L’analisi dell’Organizzazione per la Cooperazione e lo Sviluppo Economico mette in luce come solo la Turchia, con un tasso occupazionale del 53,9%, e il Costa Rica, con il 58,2%, registrino performance inferiori a quelle italiane. Siamo ben lontani dalla media OCSE, che si attesta al 70,1%, un target che presuppone uno sforzo significativo per essere raggiunto.
Esperti del mercato del lavoro e analisti economici sottolineano come questa discrepanza rimanga uno dei nodi critici per l’economia italiana, condizionando non solo la crescita economica ma anche la coesione sociale e la stabilità delle finanze pubbliche. Il basso tasso di occupazione si riflette, infatti, in un minor numero di contribuenti e in un peso maggiore a carico del sistema di welfare, già sotto pressione per il processo di invecchiamento della popolazione.
L’analisi segnala come anche la Grecia rappresenti un esempio di ritardo nel contesto europeo, con un tasso che si posiziona appena al di sopra di quello italiano, al 61,8%. Va però rilevato che diversi Paesi hanno compiuto passi da gigante rispetto al passato e, nonostante le crisi economiche globali, hanno saputo implementare politiche effettive per il rilancio dell’occupazione.
L’Italia si trova di fronte a una serie di sfide strutturali, tra cui un basso tasso di partecipazione femminile al mercato del lavoro, un divario generazionale marcato e la cronica difficoltà di inserimento dei giovani, specialmente al Sud. In aggiunta, la rigidità del mercato del lavoro e la scarsa propensione alla mobilità geografica contribuiscono a perpetuare la stagnazione occupazionale.
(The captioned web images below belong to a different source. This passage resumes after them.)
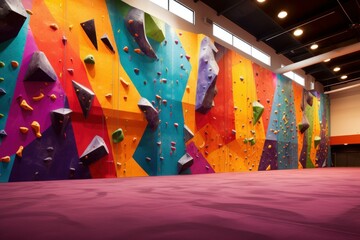 Child rock climbing indoor safety wall. Home fit safety adventure fun rope. Generate Ai - obrazy, fototapety, plakaty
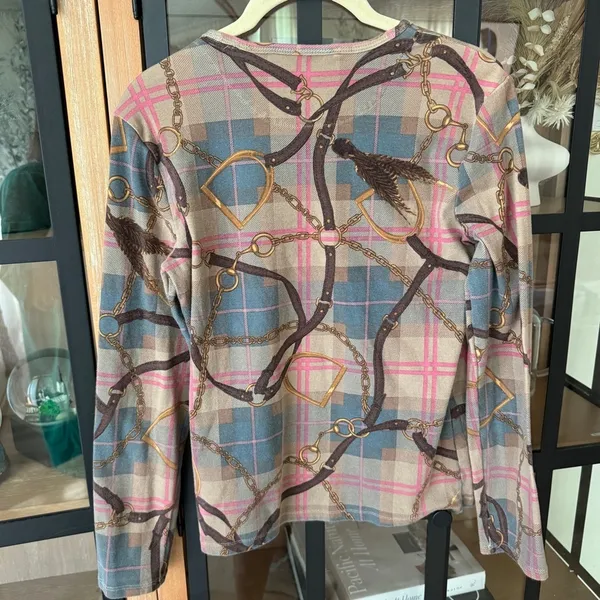 Ralph Lauren equestrian plaid long sleeve top chains hardware preppy stretch - Image 4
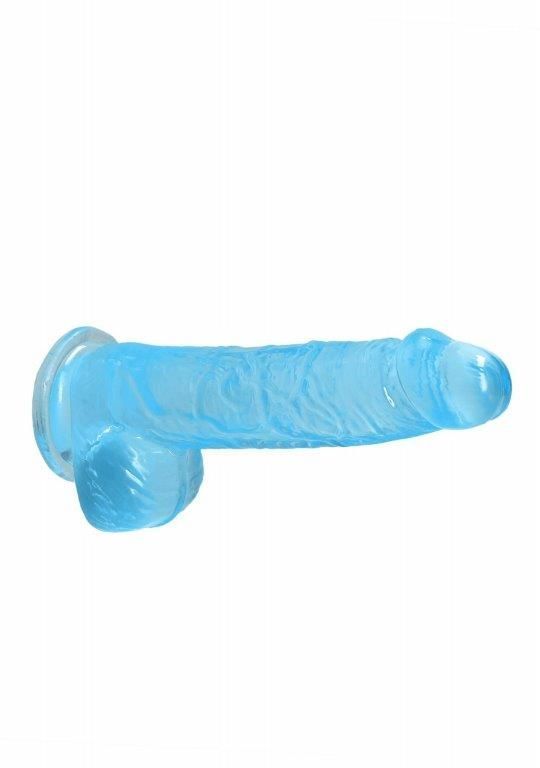 Фалоімітатор Realrock Crystal Clear Dildo Realistic 6, блакитний, Блакитний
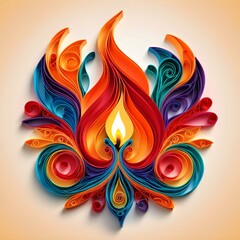 Fototapeta premium fire flame - quilling art 
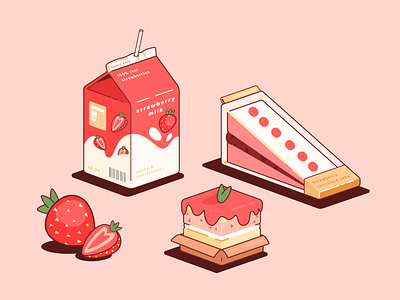 Strawberries cute art design fruit illustration illustrator quick practice strawberry vector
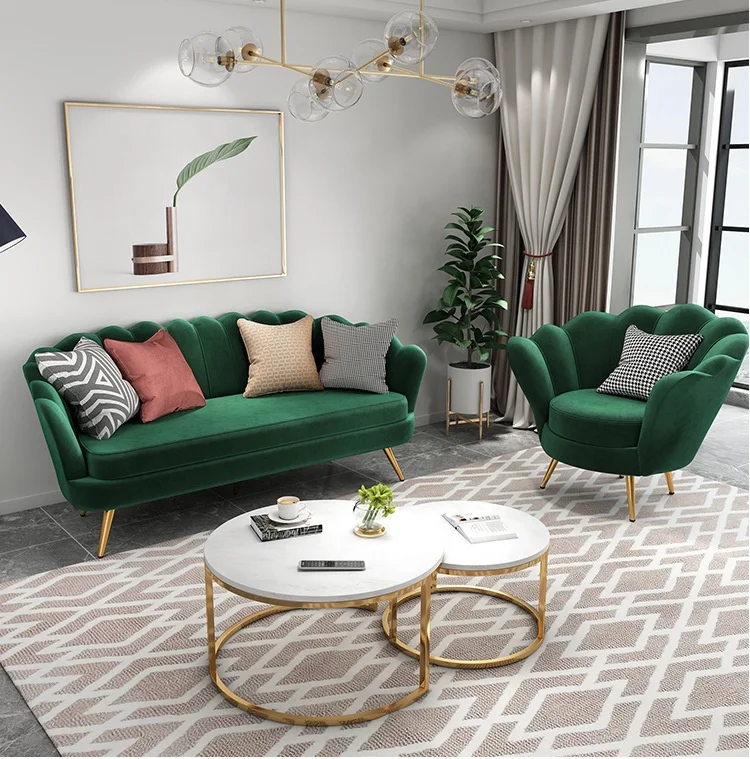 Furniture legs metal living room sofa 2022 nordic velvet sofa gold legs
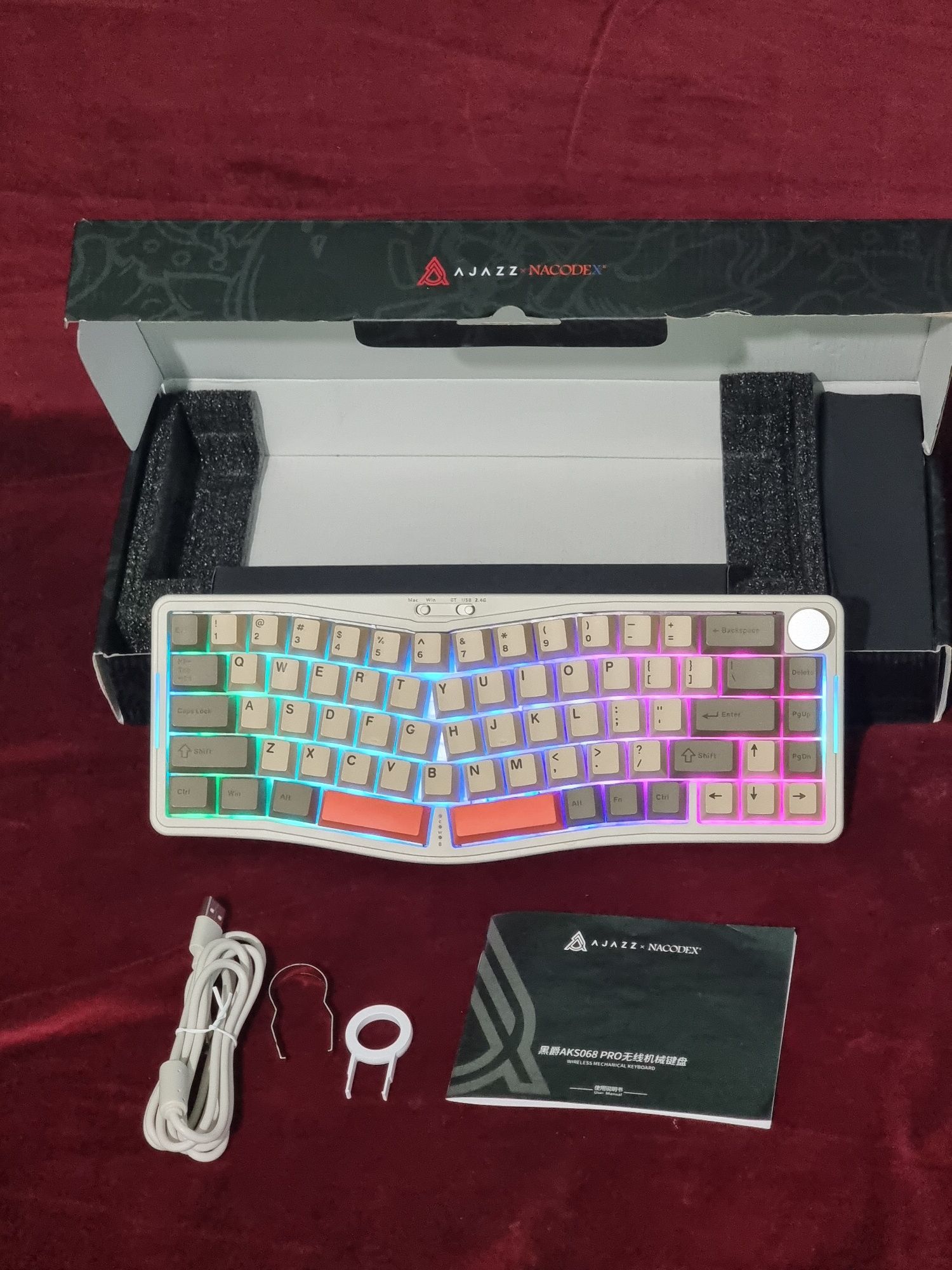 AJAZZ AKS068 Pro Egronomic klaviatura 
Alice Layout VIA uch rejimli me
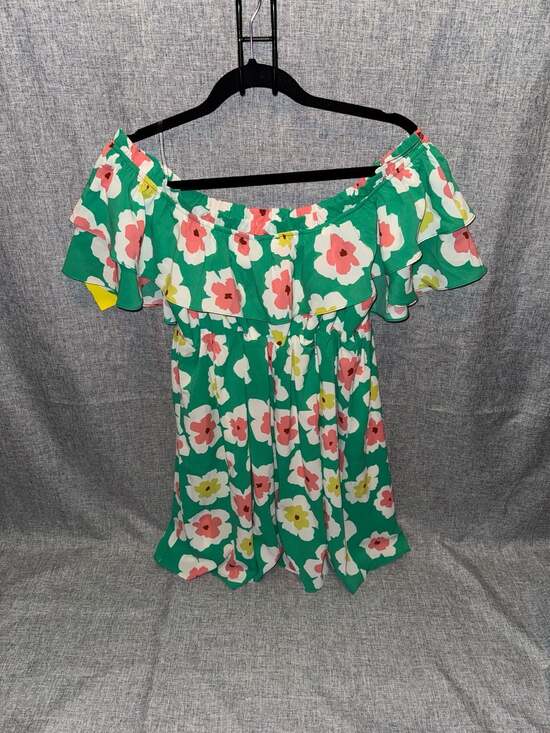 Pink Lily Green Floral Off-Shoulder Ruffle Babydoll Dress - Picture 2 of 3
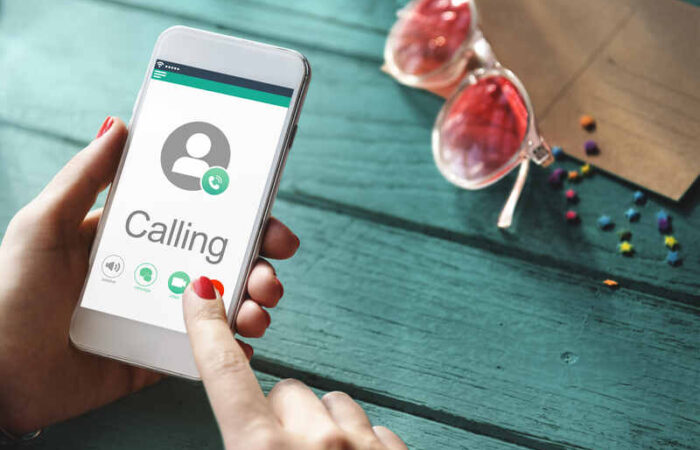A person receiving a phone call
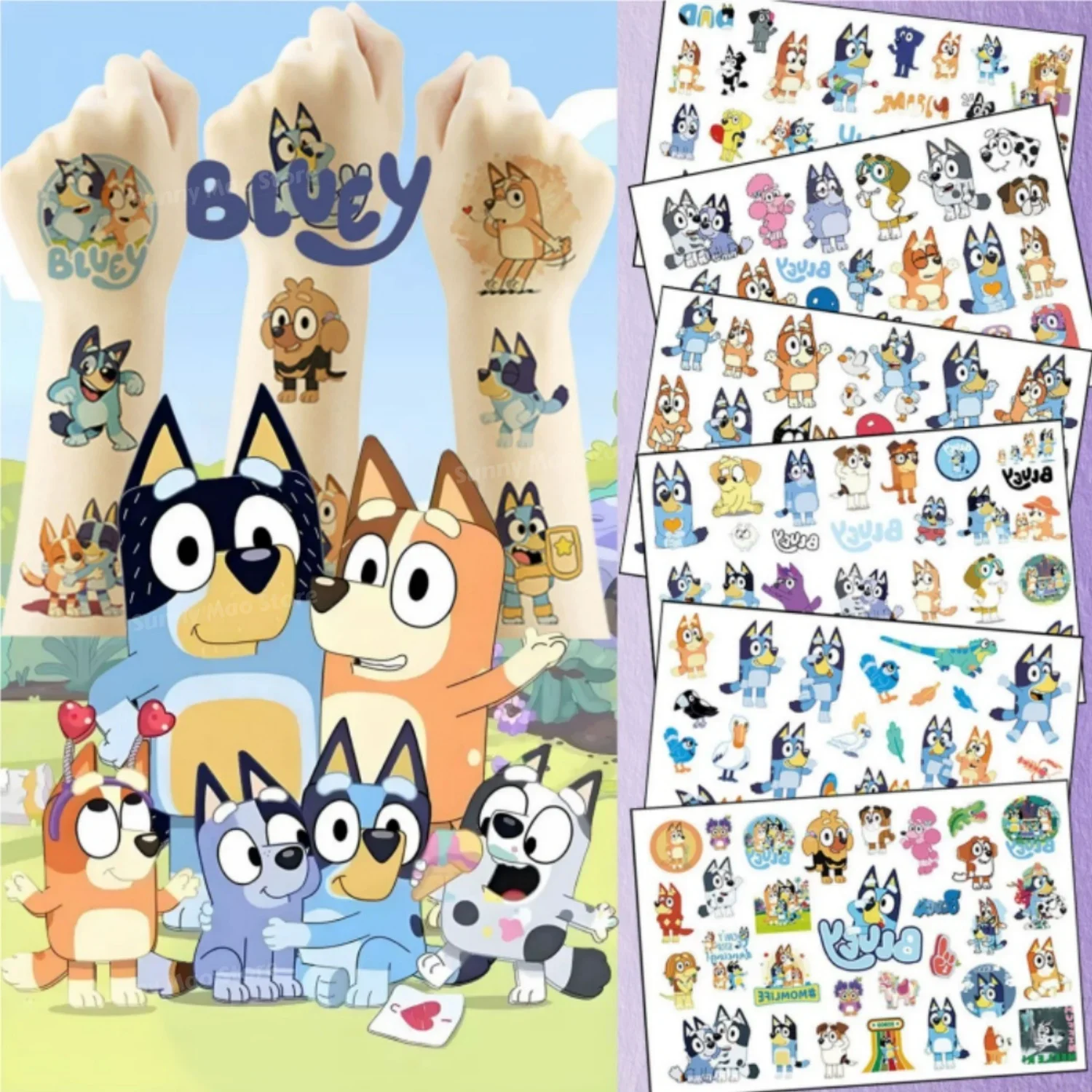 Bluey Bingo Theme Birthday Party Supplies Favors Gifts Stickers Slap Bracelets Stamps Reusable Straws Fillers Party Decoration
Il Governo e le parti sociali sono chiamati a un impegno concreto per invertire la tendenza. Le azioni proposte spaziano dalle riforme strutturali per aumentare la flessibilità e la sicurezza lavorativa, al potenziamento delle politiche di formazione e riqualificazione professionale, fino a un rinnovato focus sull’innovazione e sull’industria 4.0, per mantenere il passo con la trasformazione digitale dell’economia globale.
L’Italia ha la necessità di rivitalizzare il proprio mercato del lavoro non solo per avvicinarsi agli standard europei e internazionali, ma per garantire alle future generazioni sicurezza economica e una crescita sostenibile. Il cammino è erto e disseminato di ostacoli, ma la posta in gioco è alta e richiede un’azione immediata e coerente.